What you have to do = Apart from the images, the entire listing below must be restated word for word.

Recorded information =
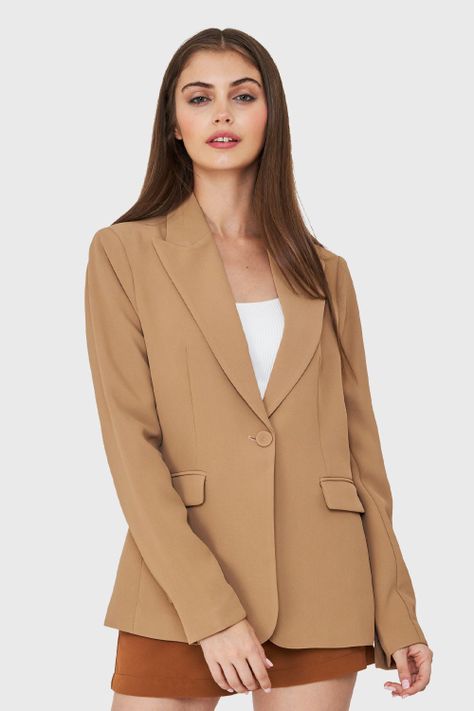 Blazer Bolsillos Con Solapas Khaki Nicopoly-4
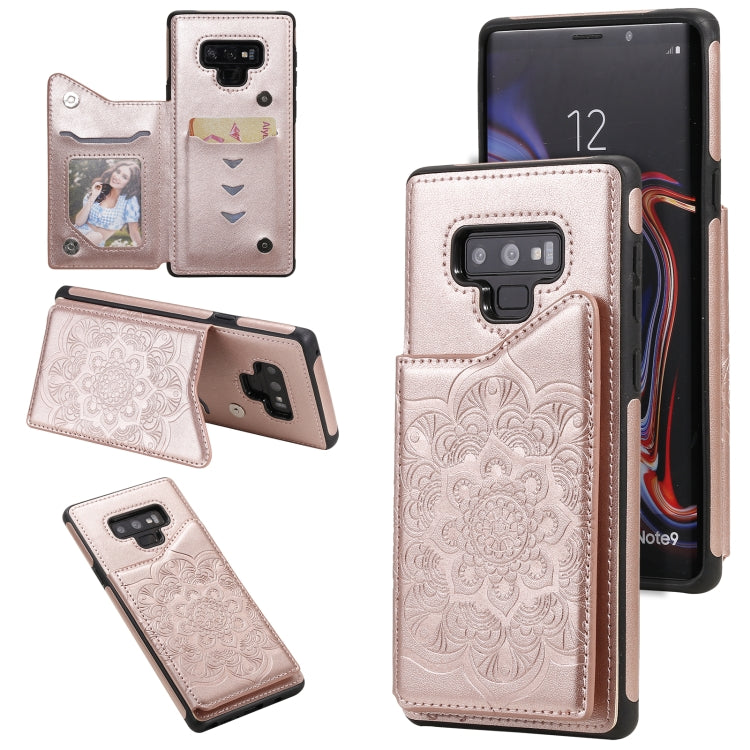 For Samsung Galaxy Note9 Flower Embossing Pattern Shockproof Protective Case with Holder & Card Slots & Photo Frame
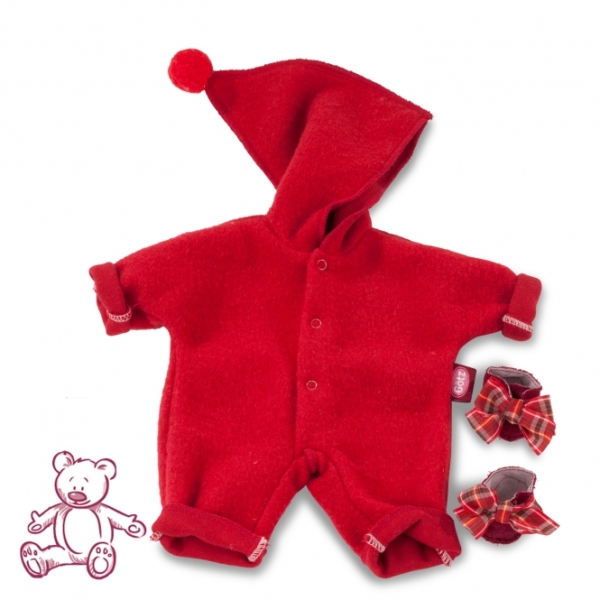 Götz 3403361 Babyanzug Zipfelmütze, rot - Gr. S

Solution to the exercise =
 Blazer Bolsillos Con Solapas Khaki Nicopoly-4
 For Samsung Galaxy Note9 Flower Embossing Pattern Shockproof Protective Case with Holder & Card Slots & Photo Frame
 Götz 3403361 Babyanzug Zipfelmütze, rot - Gr. S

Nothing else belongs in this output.